##### SUPPLIED INFORMATION
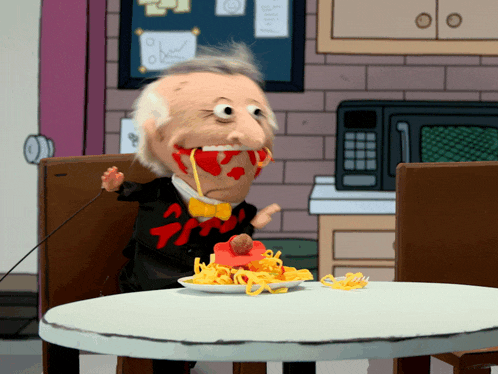 a puppet is sitting at a table with a plate of spaghetti on it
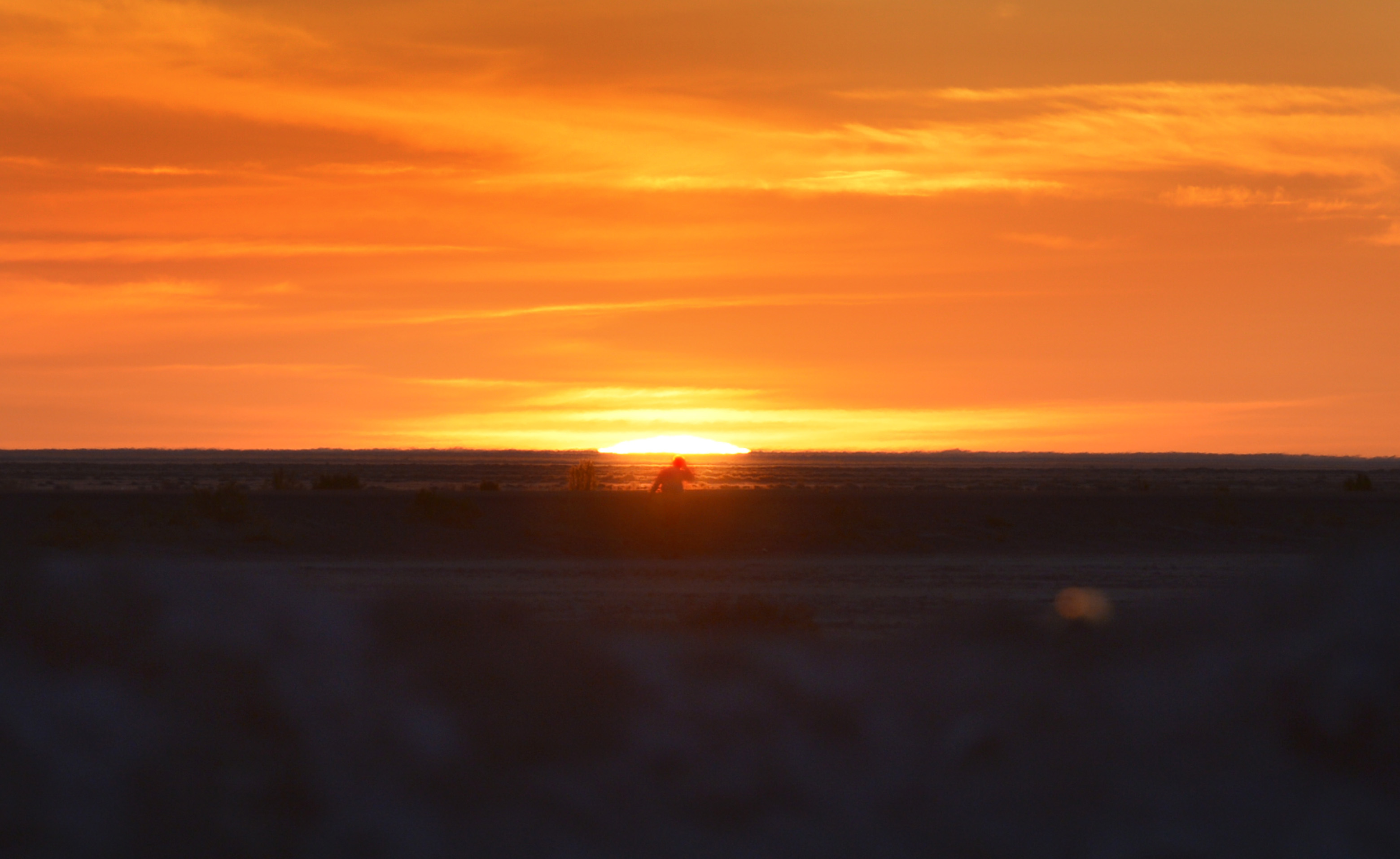 (Scott Sommerdorf | The Salt Lake Tribune) Alex Doolan sets out on the last 3.8 miles as the sun rises at the Salt Flats 100 Endurance Run, Saturday, May 5, 2018. Doolan finished the race in 8th place. 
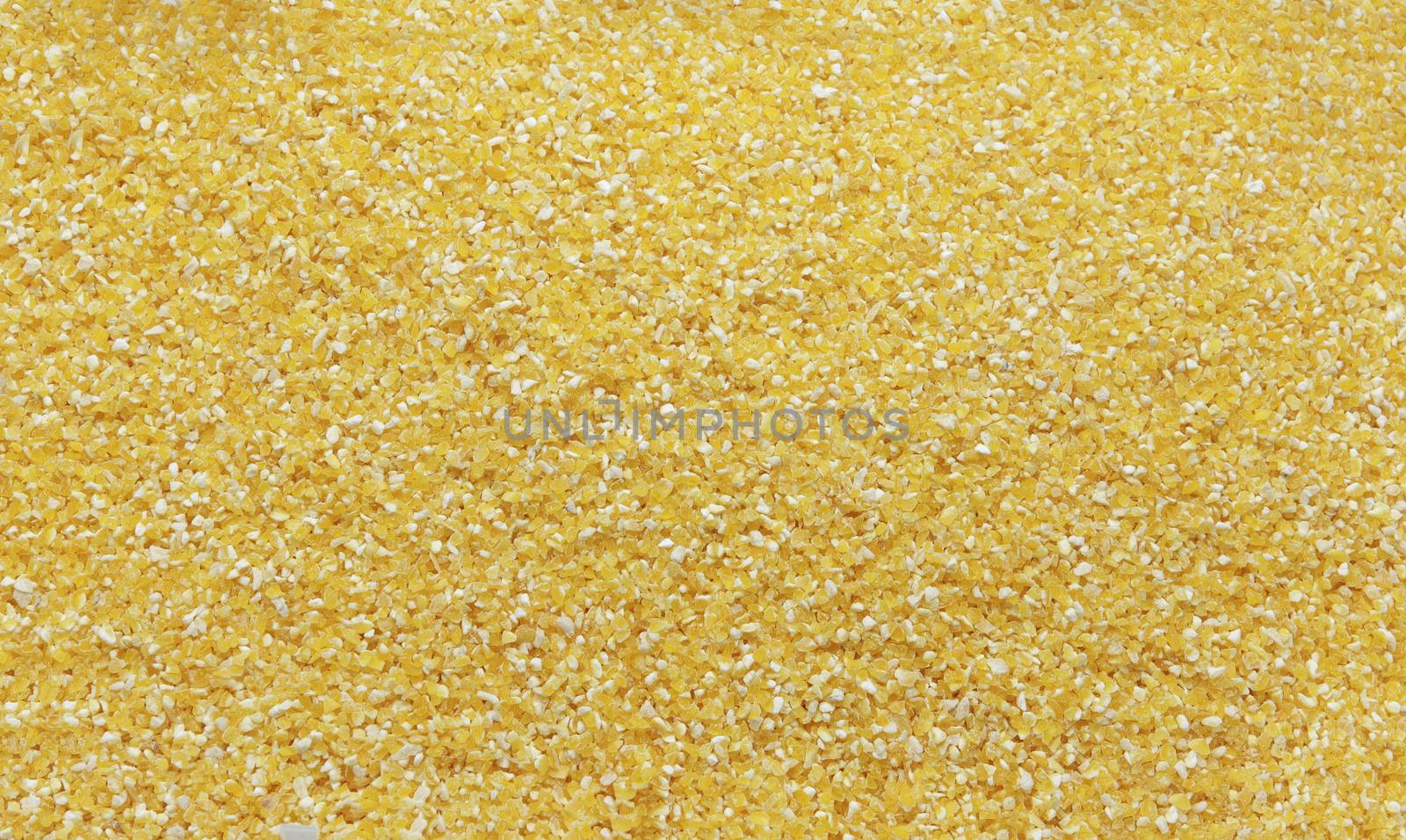 Corn groat -texture and details- traditional food, top view, closeup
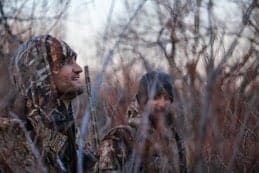 Two men hunting in the woods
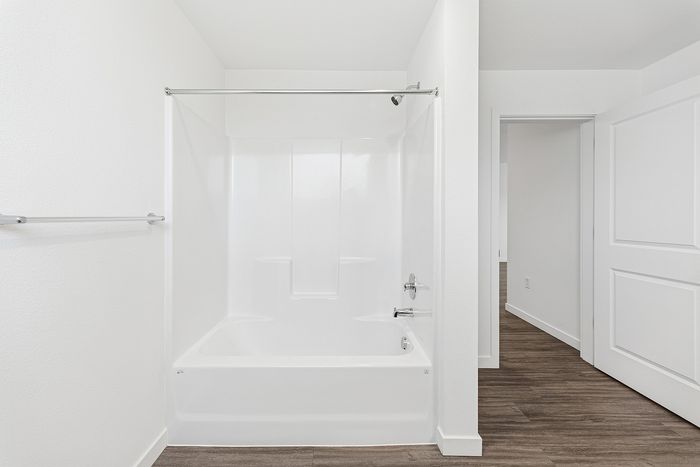 bathroom with shower and tub combo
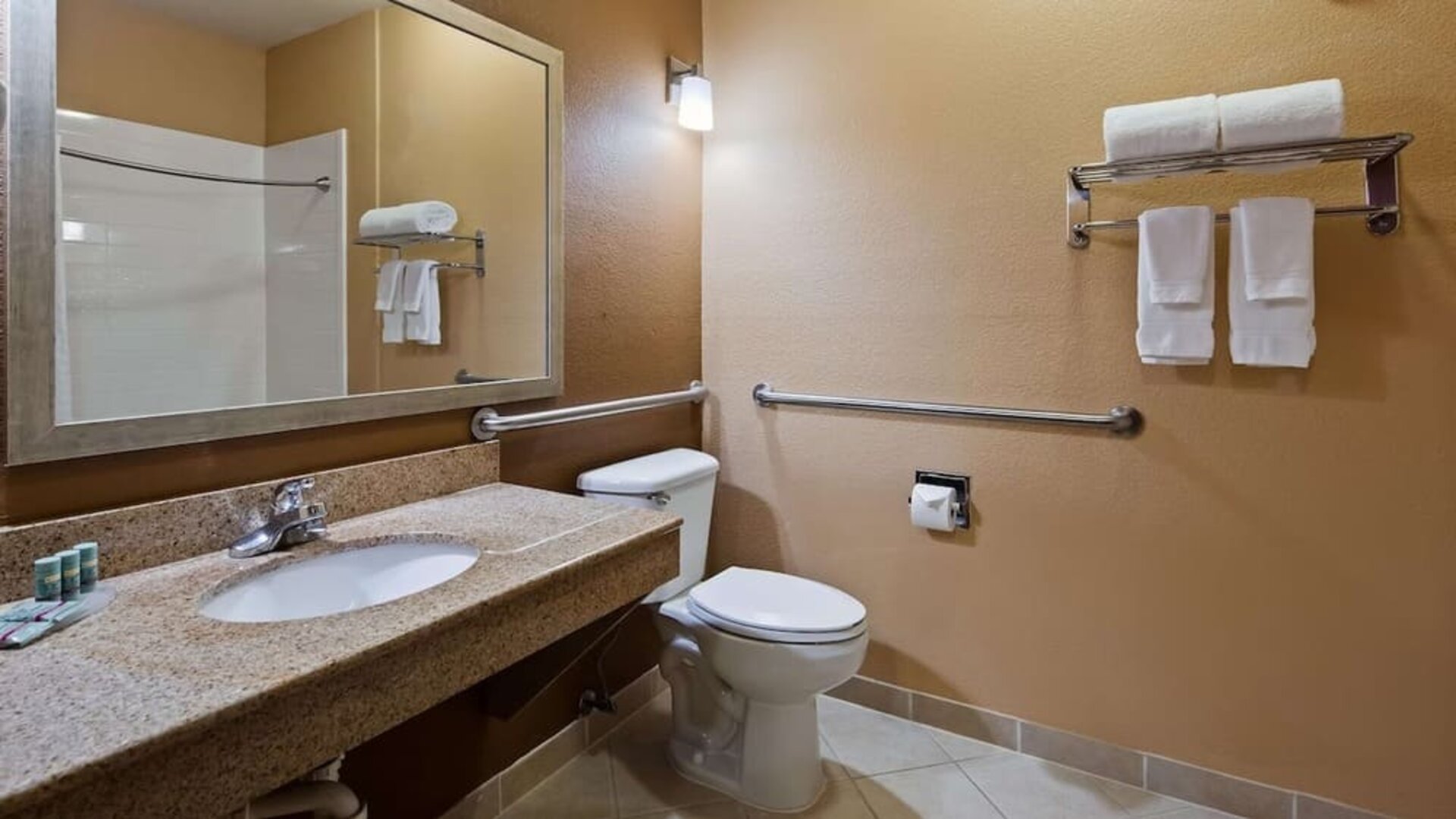 Guest bathroom with shower at Best Western Granbury Inn & Suites.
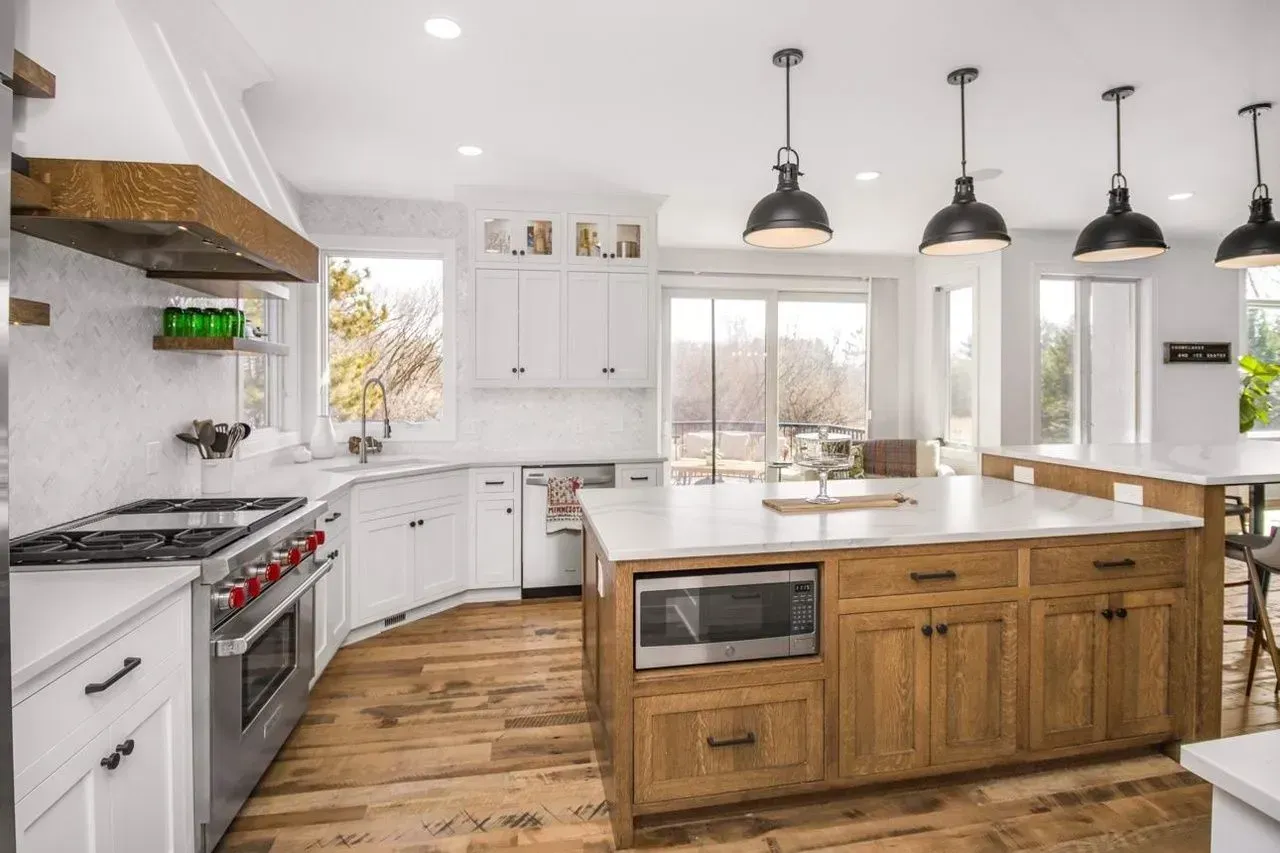 Modern kitchen with white cabinets, wood island, stainless steel appliances, and large windows.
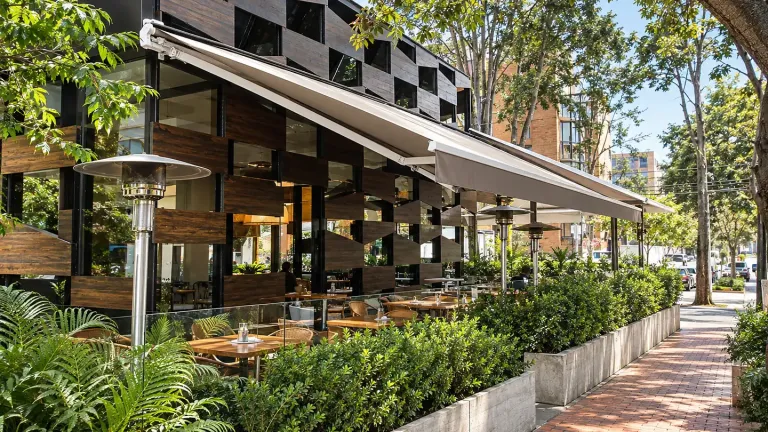 Toldo retráctil extendido sobre la terraza de Creppes & Waffles, entre jardineras y la acera de ladrillo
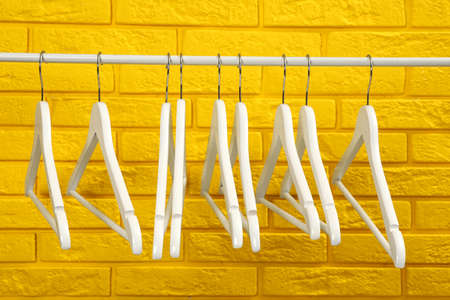 Wardrobe rack with many hangers near yellow brick wallの写真素材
##########
Please repeat exactly the data above from its first line to the line that contains "Modern kitchen with", inclusive, and leave every picture out.

 a puppet is sitting at a table with a plate of spaghetti on it
 (Scott Sommerdorf | The Salt Lake Tribune) Alex Doolan sets out on the last 3.8 miles as the sun rises at the Salt Flats 100 Endurance Run, Saturday, May 5, 2018. Doolan finished the race in 8th place. 
 Corn groat -texture and details- traditional food, top view, closeup
 Two men hunting in the woods
 bathroom with shower and tub combo
 Guest bathroom with shower at Best Western Granbury Inn & Suites.
 Modern kitchen with white cabinets, wood island, stainless steel appliances, and large windows.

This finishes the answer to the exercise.